Markdown apps create the clearest free-full norm. All 19 Markdown writing and publishing apps offer Markdown or plain-file workflows, and 16 of those 19 make that capability free full.

Free-full backlinks cluster in linked knowledge and Markdown workflows. Linked and outlining apps make backlinks free full in 7 of 16 cases, while Markdown apps do so in 8 of 13 present cases, which tells builders that charging for basic linking can create friction in technical or PKM-oriented segments.

Tags and folders are usually available somewhere in the free experience, but not always without limits. Across present implementations, 36.8% are free full and 35.0% are free limited, which means organization is expected before payment but often capped by usage, sync, or workspace scope.

Encryption, local-first sync, and backups look free in some segments but fragmented overall. Markdown apps make this feature free full in 13 of 19 cases, while handwriting and PDF apps most often mark it as restricted.

The free-default pattern in note-taking apps is strongest where marginal cost is low. Local files, basic tags, plain text, and backlinks are easier to give away than AI, collaboration, sync infrastructure, or advanced PDF workflows.

For a new note-taking app, the safest free surface is the trust-building layer: core writing, basic organization, export or file ownership, and enough storage clarity that users can commit notes without worrying about lock-in.

Which features are most often limited, paywalled, or premium-only in note-taking apps?

The most aggressively gated features in note-taking apps are AI, PDF markup, collaboration, task planning, visual canvas, and sync infrastructure. AI is paid only in 41.3% of present implementations, while task planning is free limited in 54.1%, which shows that gating happens through both hard paywalls and usage caps.

AI is the clearest hard-paywall feature. Only 2 apps in the dataset make AI summarization, semantic search, or memory free full, while 19 of 46 present implementations are paid only.

PDF markup is not as rare as AI, but it is rarely fully free. It appears in 63 apps, yet only 5 present implementations are free full, which creates space for a product that offers a more generous study or annotation workflow.

Task planning is the strongest free-limited pattern. Among apps that offer tasks, reminders, or calendar integration, 40 of 74 make it free limited, which means vendors use tasks as an adoption feature while reserving serious workflow depth for upgrades.

Collaboration is gated through a mix of limits and paywalls. It is free limited in 31 of 71 present implementations and paid only in 12, which fits the economics of sharing, publishing, teams, and workspace-based usage.

Restricted gating matters as much as direct pricing in storage and sync. Encryption, local-first sync, and backups are restricted in 25 of 113 present implementations, often because availability depends on platform, cloud tier, self-hosting, or sync model.

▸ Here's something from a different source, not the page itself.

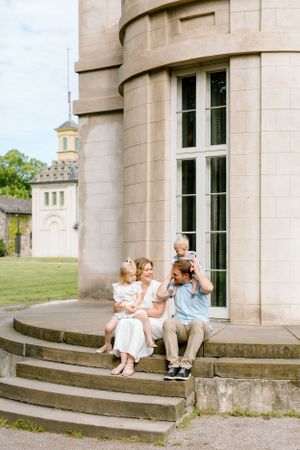 Family sitting together on stone steps of a historic building with tower in background.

Visual canvas sits between free-limited adoption and paid expansion. Among apps with canvas, 43.2% make it free limited and only 18.2% make it free full, which suggests vendors want users to experience the spatial workflow before capping serious usage.

If you want to see what premium features look like beyond note-taking apps, our database of 300 profitable internet businesses breaks down exactly what each one chose to gate.

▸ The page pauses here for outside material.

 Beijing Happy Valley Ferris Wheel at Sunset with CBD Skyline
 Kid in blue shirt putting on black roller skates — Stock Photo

Which features still set note-taking apps apart?

The strongest differentiators in note-taking apps are AI, visual canvas, advanced PDF workflows, handwriting, and deep collaboration. AI appears in only 38.3% of apps and is paid only in 41.3% of present cases, which makes it the cleanest current signal of premium positioning.

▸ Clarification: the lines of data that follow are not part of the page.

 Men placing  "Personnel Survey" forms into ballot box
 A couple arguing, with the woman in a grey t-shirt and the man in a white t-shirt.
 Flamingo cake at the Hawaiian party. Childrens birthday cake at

AI differentiates because it is neither universal nor free. Linked knowledge apps, visual spatial apps, and planning apps show higher AI presence than Markdown or structured local tools, which means the feature also signals product philosophy.

Visual canvas differentiates most sharply by workflow. It appears in every visual board and spatial thinking app, but only 16% of Markdown apps and 12% of capture/archive apps, which means canvas changes the kind of product buyers think they are evaluating.

Advanced PDF workflows separate study and spatial tools from plain-note tools. Handwriting and PDF apps reach 87% presence for PDF markup, while visual spatial apps reach 80%, but Markdown apps sit at only 37%.

Handwriting is a powerful differentiator only inside the right segment. Goodnotes, Notability, Nebo, ZoomNotes, and Flexcil compete around pen input and document markup, while most PKM and Markdown tools ignore the feature entirely.

Collaboration differentiates visual/spatial apps more than Markdown apps. It appears in 90% of visual/spatial tools but only 47% of Markdown tools, which reflects the difference between shared boards and solo file-based writing.

The useful test for builders is whether a feature changes the app's buyer category. AI, canvas, handwriting, and collaboration do that; tags and folders do not.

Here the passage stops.